*What the task requires*.
Please make sure what you return matches the listing below exactly, minus its pictures.
---- Information supplied
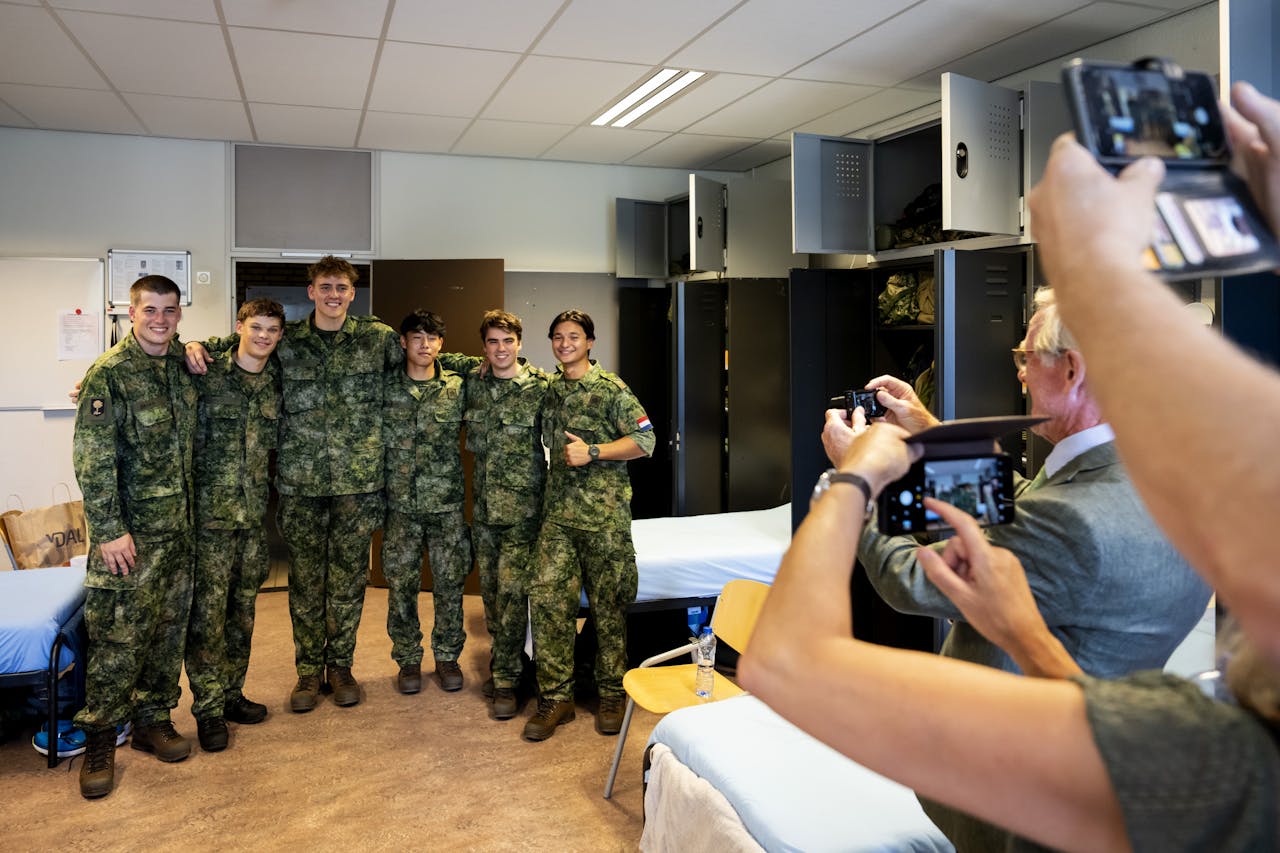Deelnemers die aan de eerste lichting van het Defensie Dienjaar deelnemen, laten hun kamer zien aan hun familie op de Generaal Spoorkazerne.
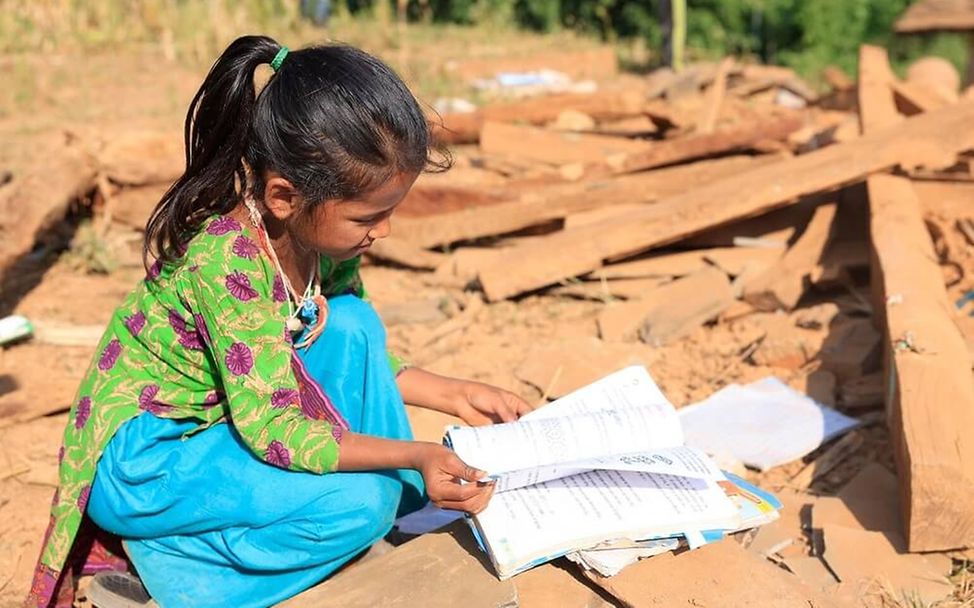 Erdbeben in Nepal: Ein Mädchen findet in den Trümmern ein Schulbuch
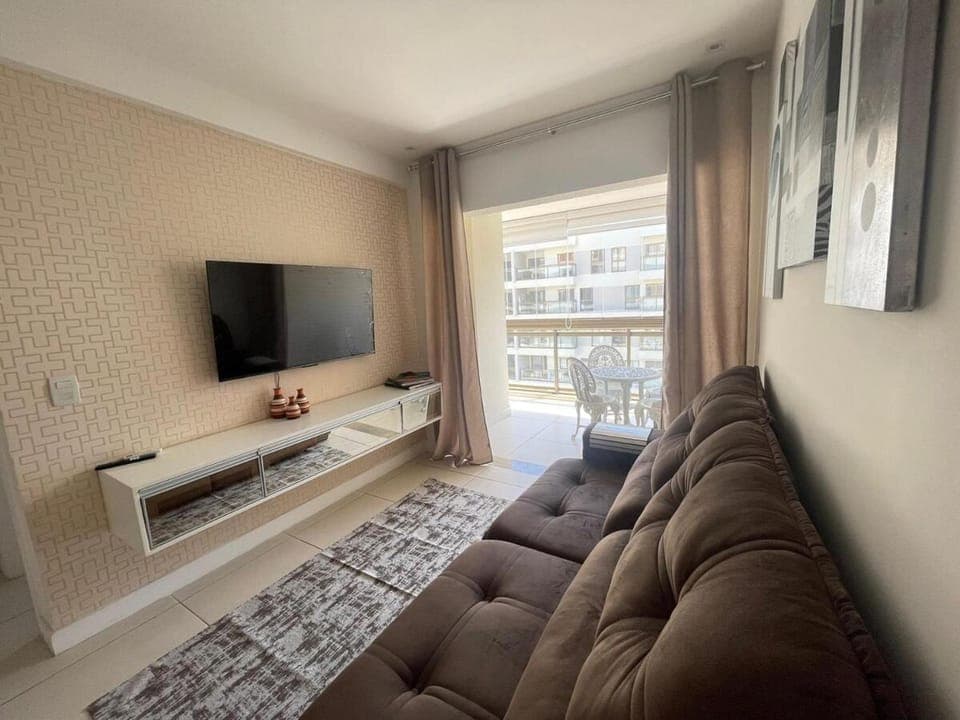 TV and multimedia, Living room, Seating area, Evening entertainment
--------
*Result of this task*.
Deelnemers die aan de eerste lichting van het Defensie Dienjaar deelnemen, laten hun kamer zien aan hun familie op de Generaal Spoorkazerne.
 Erdbeben in Nepal: Ein Mädchen findet in den Trümmern ein Schulbuch
 TV and multimedia, Living room, Seating area, Evening entertainment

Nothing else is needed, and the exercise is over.